• What is needed:
Every line of the listing should be retyped exactly, but none of the pictures should be.

[Data records]

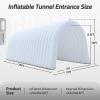 GR8FUN 24x10x10FT Inflatable Sports Tunnel Entrance White with Blower, Event Giant Inflatable Tunnel Tent for Team Intros, Business Promotion, Trade Shows, Advertising & Exhibitions view 2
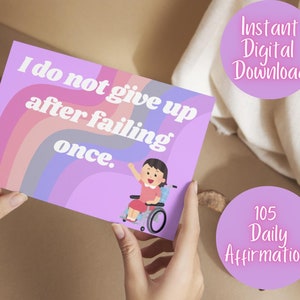 Kids Affirmation Cards Affirmation Prints Wheelchair Affirmation Cards Disability Affirmation Cards Digital Download Affirmations Therapy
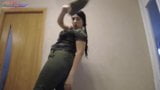Lady Soldier Needs Sex - Hard Play Pussy with Dildo snapshot 2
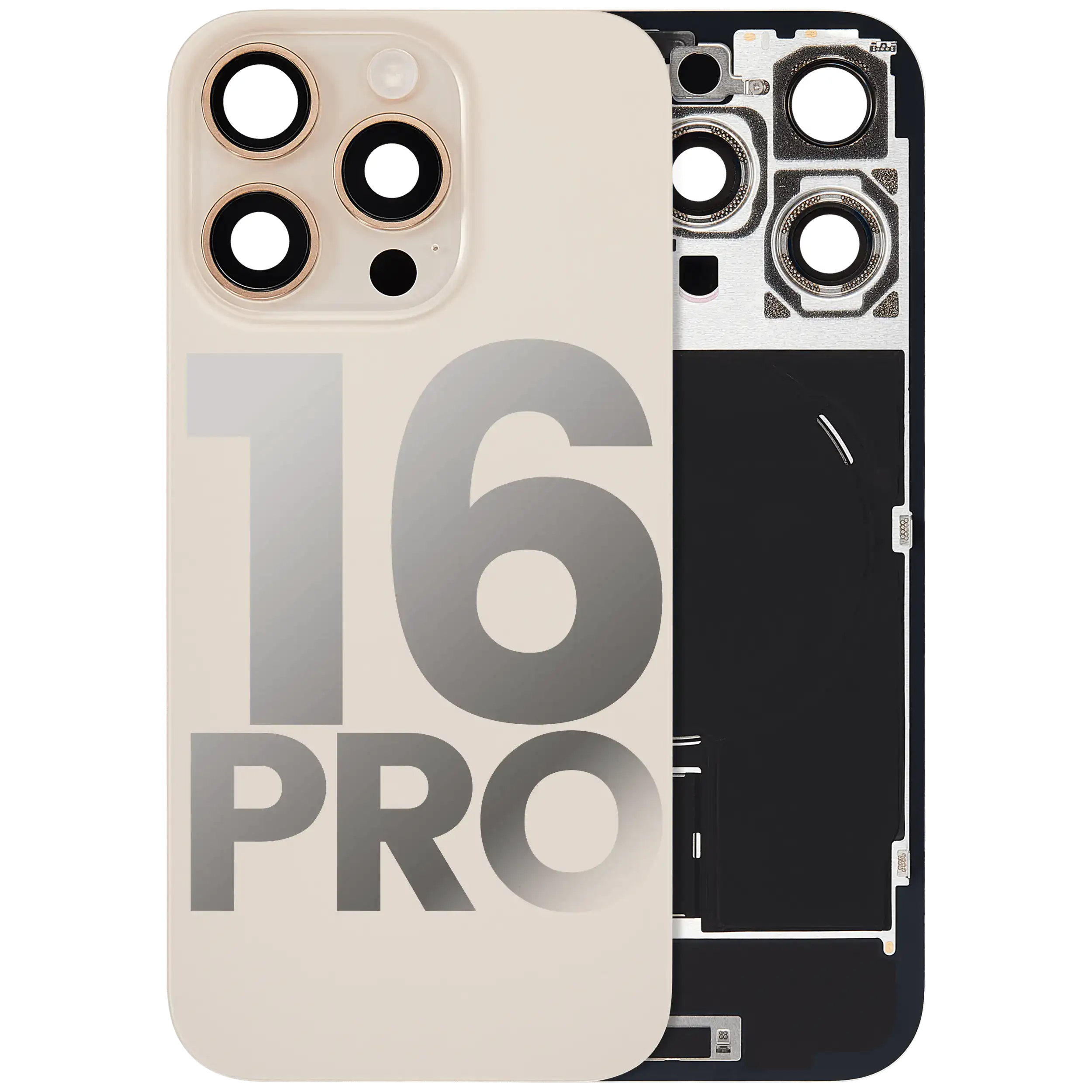 Backcover mit MagSafe, NFC, Blitz-Flexkabel für iPhone 16 Pro (Ausbau B) Desert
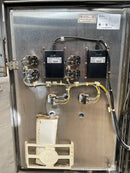 Stainless Steel Jacketed Tank Skid with Controls - 165 Gallon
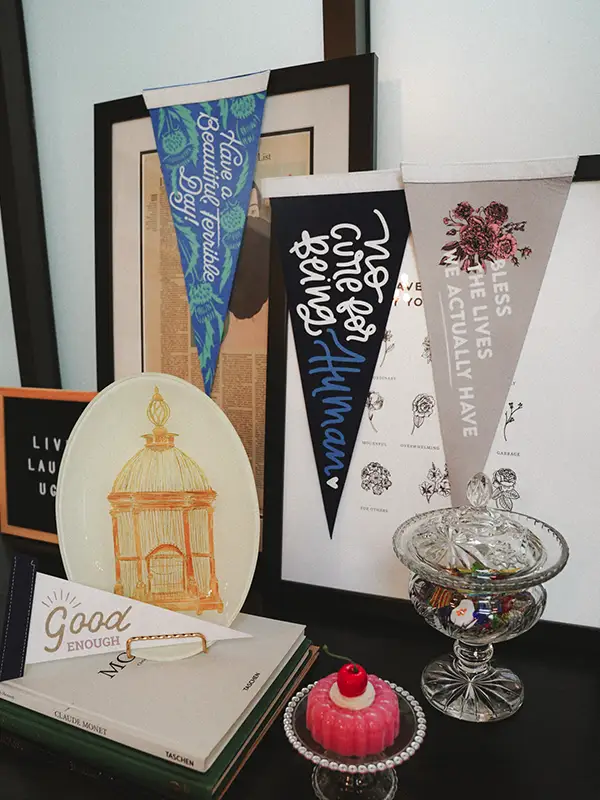 Bundle of 4 Pennants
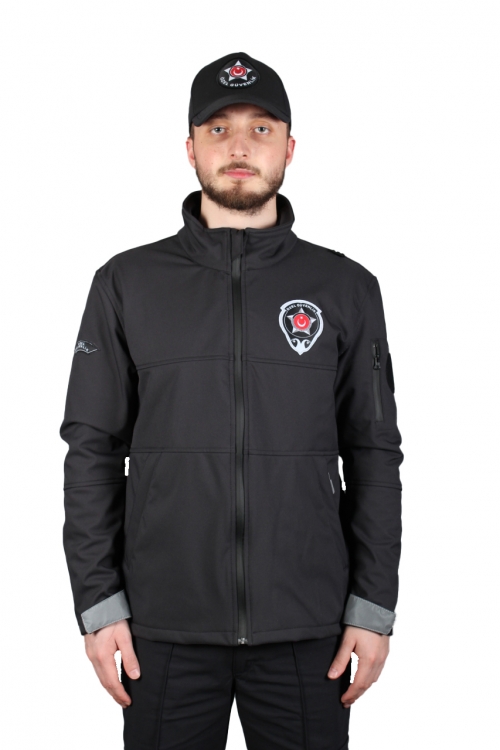 Yeni Tip Kamu Özel Güvenlik Kıyafetleri Güvenlik Softjel Mont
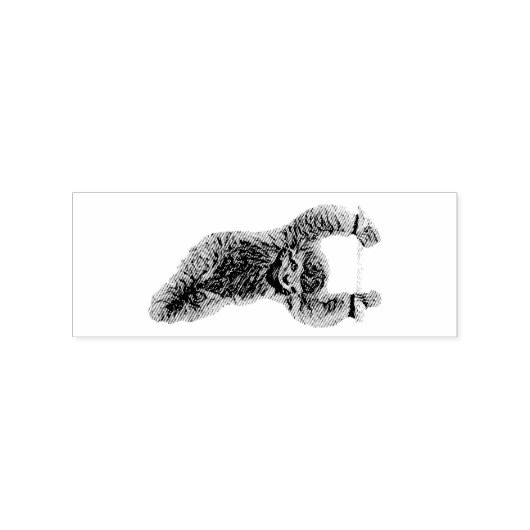 Sleuf die uit Thunder_Cove hangt Rubberstempel (Afrduk)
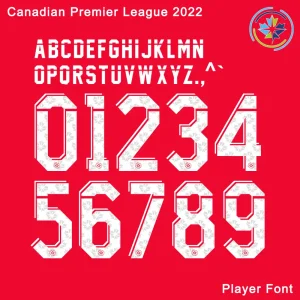 Canadian Premier League 2022 Font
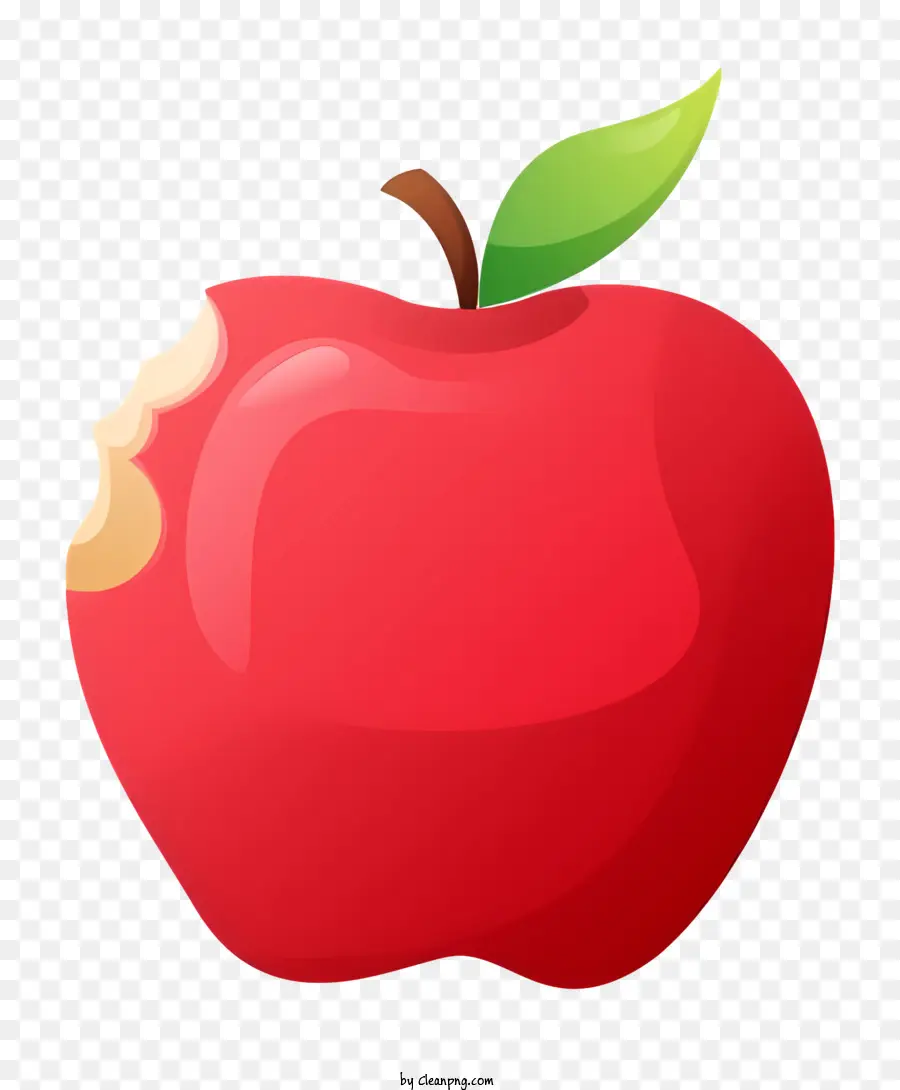 Manzana Roja，Marcas De Mordida En Apple PNG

[/Data records]

• Response to the exercise:
 GR8FUN 24x10x10FT Inflatable Sports Tunnel Entrance White with Blower, Event Giant Inflatable Tunnel Tent for Team Intros, Business Promotion, Trade Shows, Advertising & Exhibitions view 2
 Kids Affirmation Cards Affirmation Prints Wheelchair Affirmation Cards Disability Affirmation Cards Digital Download Affirmations Therapy
Lady Soldier Needs Sex - Hard Play Pussy with Dildo snapshot 2
 Backcover mit MagSafe, NFC, Blitz-Flexkabel für iPhone 16 Pro (Ausbau B) Desert
 Stainless Steel Jacketed Tank Skid with Controls - 165 Gallon
 Bundle of 4 Pennants
 Yeni Tip Kamu Özel Güvenlik Kıyafetleri Güvenlik Softjel Mont
 Sleuf die uit Thunder_Cove hangt Rubberstempel (Afrduk)
 Canadian Premier League 2022 Font
 Manzana Roja，Marcas De Mordida En Apple PNG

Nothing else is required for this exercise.